Cette session vit également la participation de Heather McCartney, la fille de Linda McCartney, qui improvisa quelques mots aux côtés de Lennon. Une autre prise, enregistrée le 28 janvier, voit John énumérer les titres des morceaux enregistrés durant les sessions de Let It Be, dans une litanie chaotique qui semble résumer l’expérience tumultueuse de cet album.

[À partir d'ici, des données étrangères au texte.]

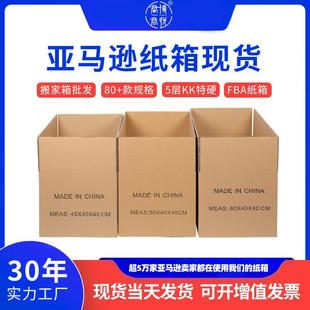 亚马逊FBA发货纸箱超硬加厚外贸快递发货纸箱搬家箱子定制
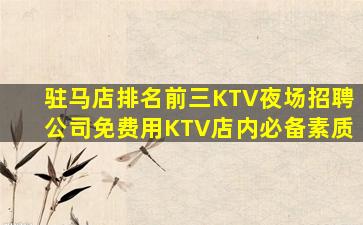 长春KTV招聘
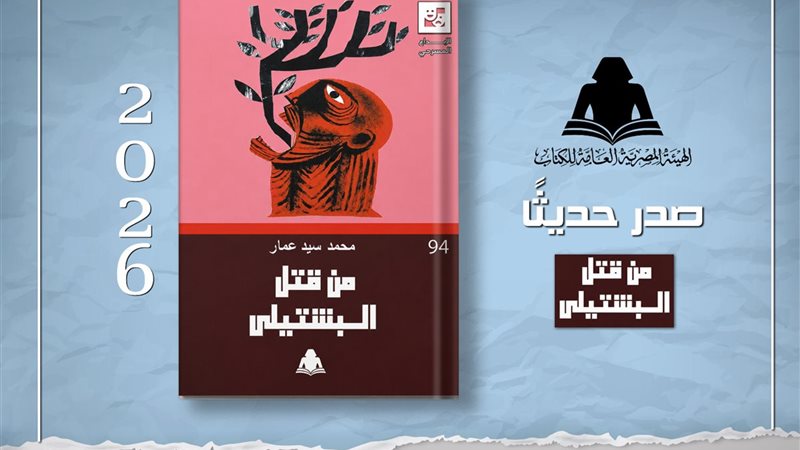 كتاب «من قتل البشتيلي»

Un vestige du projet Get Back
L’intégration de « Dig It » sur l’album Let It Be doit beaucoup à la vision de Glyn Johns, l’ingénieur du son originellement chargé du projet Get Back. Dans sa première version de l’album, qu’il présente aux Beatles au printemps 1969, une version plus longue de « Dig It » y figure. Toutefois, lorsque Phil Spector reprend la production en 1970, il choisit de réduire drastiquement la durée du morceau, ne conservant qu’un extrait d’une cinquantaine de secondes.

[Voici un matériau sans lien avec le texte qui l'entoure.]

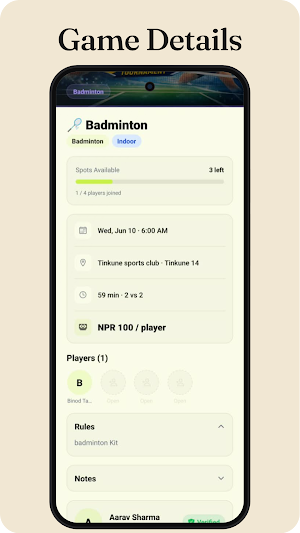 Khelamm Screenshot 1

Le film Let It Be, quant à lui, présente une version légèrement plus longue du morceau, offrant une meilleure idée du contexte improvisé de l’enregistrement. En 2021, la sortie de The Beatles: Get Back, la série documentaire de Peter Jackson, a permis de redécouvrir la genèse du morceau sous un nouvel angle, soulignant l’énergie brute et le chaos de ces sessions mythiques.
« Dig It », un réflexe musical plus qu’une chanson
Loin d’être un morceau structuré au sens classique du terme, « Dig It » est davantage une illustration du mode de fonctionnement des Beatles à cette époque. Fragmentaire, chaotique, mais aussi ludiquement subversif, le morceau incarne le climat créatif et les tensions qui prévalaient au sein du groupe en 1969.
Dans un certain sens, « Dig It » fonctionne comme une réponse ironique au chaos du projet Get Back : au lieu du retour aux racines rock prévu, il se mue en un exercice d’improvisation quasi dadaïste, dans lequel les Beatles semblent résumer leur histoire et leur état d’esprit de l’instant. Si ce titre demeure anecdotique par sa brièveté sur l’album final, il représente pourtant une période cruciale pour le groupe, celle de la fin d’une aventure musicale hors du commun.